Thanks for this! This definitely seems like what I’m looking for.
Two questions:
How do you manage updates to new versions of MixedModels? Let’s say you add an example dataset and release a new version of the package. It looks like you just make a new .tar.gz and then upload it to the osf link with a new version?
If a package is truly “just” for data, presumably you don’t want an Arrow.jl dependency. The user can figure that out.
I would imagine the user’s experience would be something like
using Arrow
t = MyDataPackage.get_arrow_filepath(dataname) = # get link from artifact path
Arrow.read(t)
For question number 1, yes whenever we add or modify datasets we create a new .tar.gz file and modify Artifacts.toml as described in the comments (thanks to @palday for documenting that process).

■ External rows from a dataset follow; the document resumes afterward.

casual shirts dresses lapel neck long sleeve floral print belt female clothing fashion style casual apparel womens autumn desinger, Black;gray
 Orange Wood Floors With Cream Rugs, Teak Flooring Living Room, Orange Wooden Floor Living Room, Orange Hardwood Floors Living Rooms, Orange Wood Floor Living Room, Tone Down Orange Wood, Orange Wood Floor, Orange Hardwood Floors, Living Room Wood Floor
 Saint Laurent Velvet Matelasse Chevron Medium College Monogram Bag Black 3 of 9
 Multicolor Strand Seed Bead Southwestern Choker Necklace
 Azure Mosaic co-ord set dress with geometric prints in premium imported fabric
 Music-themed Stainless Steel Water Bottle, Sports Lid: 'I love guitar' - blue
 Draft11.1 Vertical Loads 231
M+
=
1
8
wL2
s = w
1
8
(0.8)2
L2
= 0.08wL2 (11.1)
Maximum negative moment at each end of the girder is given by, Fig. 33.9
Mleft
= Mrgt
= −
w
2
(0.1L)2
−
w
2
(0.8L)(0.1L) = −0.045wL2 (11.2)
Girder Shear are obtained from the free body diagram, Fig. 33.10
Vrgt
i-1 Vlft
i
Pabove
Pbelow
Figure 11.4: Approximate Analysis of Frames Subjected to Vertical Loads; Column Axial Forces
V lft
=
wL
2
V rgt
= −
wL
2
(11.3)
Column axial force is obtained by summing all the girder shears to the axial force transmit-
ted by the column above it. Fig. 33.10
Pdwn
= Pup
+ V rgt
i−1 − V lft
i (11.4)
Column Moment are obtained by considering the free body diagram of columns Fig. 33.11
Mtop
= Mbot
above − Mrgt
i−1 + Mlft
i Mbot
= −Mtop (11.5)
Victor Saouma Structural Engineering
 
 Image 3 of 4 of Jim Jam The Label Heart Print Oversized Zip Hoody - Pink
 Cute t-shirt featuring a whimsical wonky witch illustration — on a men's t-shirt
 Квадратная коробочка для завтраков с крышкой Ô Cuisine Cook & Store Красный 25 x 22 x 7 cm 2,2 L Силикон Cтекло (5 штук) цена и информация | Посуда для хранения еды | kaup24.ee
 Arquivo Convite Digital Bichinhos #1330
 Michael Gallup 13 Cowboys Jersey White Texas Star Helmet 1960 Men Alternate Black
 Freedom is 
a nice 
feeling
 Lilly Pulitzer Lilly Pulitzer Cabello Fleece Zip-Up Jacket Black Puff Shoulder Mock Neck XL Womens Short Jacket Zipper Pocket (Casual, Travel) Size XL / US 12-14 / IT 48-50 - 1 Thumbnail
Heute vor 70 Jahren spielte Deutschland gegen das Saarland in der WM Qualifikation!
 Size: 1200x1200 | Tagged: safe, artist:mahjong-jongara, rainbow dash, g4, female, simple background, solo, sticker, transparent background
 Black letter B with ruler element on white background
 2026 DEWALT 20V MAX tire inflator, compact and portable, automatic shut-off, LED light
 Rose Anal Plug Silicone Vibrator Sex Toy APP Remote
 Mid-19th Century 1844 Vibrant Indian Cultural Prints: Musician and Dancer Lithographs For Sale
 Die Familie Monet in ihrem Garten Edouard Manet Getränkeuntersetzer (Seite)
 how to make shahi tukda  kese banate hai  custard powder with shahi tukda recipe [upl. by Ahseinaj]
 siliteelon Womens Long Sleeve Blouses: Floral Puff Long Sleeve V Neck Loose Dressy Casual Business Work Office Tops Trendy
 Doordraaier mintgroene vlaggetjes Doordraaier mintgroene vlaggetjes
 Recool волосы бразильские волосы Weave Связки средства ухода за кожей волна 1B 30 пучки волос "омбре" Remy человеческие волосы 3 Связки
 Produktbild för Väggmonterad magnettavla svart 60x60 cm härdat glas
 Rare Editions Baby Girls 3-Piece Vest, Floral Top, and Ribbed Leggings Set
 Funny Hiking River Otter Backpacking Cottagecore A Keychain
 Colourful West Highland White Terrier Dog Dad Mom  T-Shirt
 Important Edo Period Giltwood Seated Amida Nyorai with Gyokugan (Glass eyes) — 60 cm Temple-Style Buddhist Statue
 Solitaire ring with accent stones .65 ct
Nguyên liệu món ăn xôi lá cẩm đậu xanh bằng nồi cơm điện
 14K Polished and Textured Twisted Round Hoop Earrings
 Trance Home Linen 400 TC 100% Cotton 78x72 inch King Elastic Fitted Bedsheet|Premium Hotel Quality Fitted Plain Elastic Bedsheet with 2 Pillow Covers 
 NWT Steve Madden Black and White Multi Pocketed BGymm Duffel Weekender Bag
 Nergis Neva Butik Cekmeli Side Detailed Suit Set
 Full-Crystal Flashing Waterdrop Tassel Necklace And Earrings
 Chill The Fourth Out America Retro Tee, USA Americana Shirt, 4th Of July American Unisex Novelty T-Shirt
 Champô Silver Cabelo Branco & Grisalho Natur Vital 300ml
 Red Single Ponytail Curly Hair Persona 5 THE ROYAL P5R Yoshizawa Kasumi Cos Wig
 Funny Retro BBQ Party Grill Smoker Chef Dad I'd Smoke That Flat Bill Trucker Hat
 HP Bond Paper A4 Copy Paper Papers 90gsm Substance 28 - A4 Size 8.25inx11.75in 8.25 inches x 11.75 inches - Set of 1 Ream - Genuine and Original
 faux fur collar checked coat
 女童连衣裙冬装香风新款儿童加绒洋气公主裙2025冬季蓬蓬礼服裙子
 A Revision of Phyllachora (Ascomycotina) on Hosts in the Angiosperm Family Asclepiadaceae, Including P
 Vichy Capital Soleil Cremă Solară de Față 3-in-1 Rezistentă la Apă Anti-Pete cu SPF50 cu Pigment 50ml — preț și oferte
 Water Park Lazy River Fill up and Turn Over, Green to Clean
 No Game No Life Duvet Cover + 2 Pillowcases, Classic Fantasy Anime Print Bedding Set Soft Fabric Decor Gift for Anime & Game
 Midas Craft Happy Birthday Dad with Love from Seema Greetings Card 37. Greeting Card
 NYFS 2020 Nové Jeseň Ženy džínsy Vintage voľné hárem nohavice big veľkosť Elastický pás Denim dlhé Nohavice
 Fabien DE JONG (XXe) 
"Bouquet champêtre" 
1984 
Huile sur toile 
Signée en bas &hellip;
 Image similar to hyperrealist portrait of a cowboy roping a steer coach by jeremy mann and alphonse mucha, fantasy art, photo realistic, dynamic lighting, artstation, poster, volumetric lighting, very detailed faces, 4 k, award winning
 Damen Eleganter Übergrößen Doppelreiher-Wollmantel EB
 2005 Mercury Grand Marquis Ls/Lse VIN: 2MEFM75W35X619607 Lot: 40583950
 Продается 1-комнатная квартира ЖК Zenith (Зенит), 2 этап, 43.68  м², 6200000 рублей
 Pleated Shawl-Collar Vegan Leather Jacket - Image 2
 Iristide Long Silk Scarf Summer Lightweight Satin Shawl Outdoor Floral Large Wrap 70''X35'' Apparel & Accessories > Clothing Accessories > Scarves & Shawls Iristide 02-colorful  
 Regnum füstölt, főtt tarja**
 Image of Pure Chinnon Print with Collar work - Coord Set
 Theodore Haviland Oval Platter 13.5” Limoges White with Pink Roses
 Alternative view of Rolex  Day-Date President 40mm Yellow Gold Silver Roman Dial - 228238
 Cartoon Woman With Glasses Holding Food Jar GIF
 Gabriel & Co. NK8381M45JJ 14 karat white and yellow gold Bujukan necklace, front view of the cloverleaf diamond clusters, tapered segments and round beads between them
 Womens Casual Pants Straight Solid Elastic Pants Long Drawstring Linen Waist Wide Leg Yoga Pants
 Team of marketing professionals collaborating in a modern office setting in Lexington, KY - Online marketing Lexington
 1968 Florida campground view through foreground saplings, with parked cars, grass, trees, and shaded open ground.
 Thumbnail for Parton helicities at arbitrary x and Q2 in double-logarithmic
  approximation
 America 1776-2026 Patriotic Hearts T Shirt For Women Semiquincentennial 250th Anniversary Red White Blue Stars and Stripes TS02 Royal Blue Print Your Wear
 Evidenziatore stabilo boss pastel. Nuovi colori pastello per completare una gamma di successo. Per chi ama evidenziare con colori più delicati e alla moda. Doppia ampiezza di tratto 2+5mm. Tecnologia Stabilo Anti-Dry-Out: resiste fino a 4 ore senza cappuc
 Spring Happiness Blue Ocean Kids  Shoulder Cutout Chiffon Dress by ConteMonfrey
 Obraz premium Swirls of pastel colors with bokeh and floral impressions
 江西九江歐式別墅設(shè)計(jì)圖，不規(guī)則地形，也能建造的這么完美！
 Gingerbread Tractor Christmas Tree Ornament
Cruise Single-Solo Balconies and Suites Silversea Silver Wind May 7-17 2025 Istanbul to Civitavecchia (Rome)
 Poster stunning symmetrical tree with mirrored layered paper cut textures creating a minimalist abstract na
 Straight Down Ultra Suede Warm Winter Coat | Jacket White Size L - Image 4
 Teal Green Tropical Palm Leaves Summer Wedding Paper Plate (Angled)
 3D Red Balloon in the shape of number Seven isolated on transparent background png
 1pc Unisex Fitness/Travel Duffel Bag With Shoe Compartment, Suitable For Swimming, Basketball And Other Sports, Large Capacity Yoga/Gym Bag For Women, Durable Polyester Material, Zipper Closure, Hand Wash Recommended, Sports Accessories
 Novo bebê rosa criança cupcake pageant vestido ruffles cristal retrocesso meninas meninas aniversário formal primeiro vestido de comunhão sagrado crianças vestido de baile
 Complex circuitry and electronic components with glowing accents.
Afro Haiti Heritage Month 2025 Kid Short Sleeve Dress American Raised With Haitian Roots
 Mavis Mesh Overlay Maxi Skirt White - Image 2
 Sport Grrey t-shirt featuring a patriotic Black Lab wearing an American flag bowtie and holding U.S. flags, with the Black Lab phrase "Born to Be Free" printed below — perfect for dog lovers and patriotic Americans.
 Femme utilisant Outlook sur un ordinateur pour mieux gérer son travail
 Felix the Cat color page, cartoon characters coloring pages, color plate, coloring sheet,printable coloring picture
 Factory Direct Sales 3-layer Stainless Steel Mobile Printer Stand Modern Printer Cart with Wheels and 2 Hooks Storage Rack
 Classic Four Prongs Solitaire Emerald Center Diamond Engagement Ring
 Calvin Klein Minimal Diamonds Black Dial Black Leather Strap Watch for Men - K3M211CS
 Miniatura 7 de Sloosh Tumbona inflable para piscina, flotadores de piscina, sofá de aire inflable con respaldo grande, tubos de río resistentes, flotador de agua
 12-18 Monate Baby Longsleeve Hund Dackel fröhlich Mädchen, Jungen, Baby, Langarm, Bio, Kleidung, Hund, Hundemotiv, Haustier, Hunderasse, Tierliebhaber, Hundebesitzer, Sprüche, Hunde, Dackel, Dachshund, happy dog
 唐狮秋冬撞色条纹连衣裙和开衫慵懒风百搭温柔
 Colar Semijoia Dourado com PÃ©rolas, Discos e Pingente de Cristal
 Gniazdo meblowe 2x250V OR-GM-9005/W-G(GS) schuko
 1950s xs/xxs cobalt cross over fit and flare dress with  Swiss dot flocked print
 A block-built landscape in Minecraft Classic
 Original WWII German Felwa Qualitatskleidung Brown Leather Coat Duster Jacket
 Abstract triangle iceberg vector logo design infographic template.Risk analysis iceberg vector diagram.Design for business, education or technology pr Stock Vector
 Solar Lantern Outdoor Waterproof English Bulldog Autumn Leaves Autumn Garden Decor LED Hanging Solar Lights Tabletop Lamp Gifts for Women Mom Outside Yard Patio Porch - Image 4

Regarding question 2, we sort-of committed to using Arrow so the dependency on Arrow.jl makes sense for us. We have two functions datasets to list the available dataset names and dataset to retrieve a dataset by name which we did not export. The intention is that if other packages provide non-exported versions of those functions then the pattern could be
PackageName.datasets() # returns names of datasets available in Package
foo = PackageName.dataset(:foo) # retrieve dataset "foo" from Package
@quinnj recently added functions for setting and getting metadata from an Arrow table or column and these could be used for documentation of the datasets.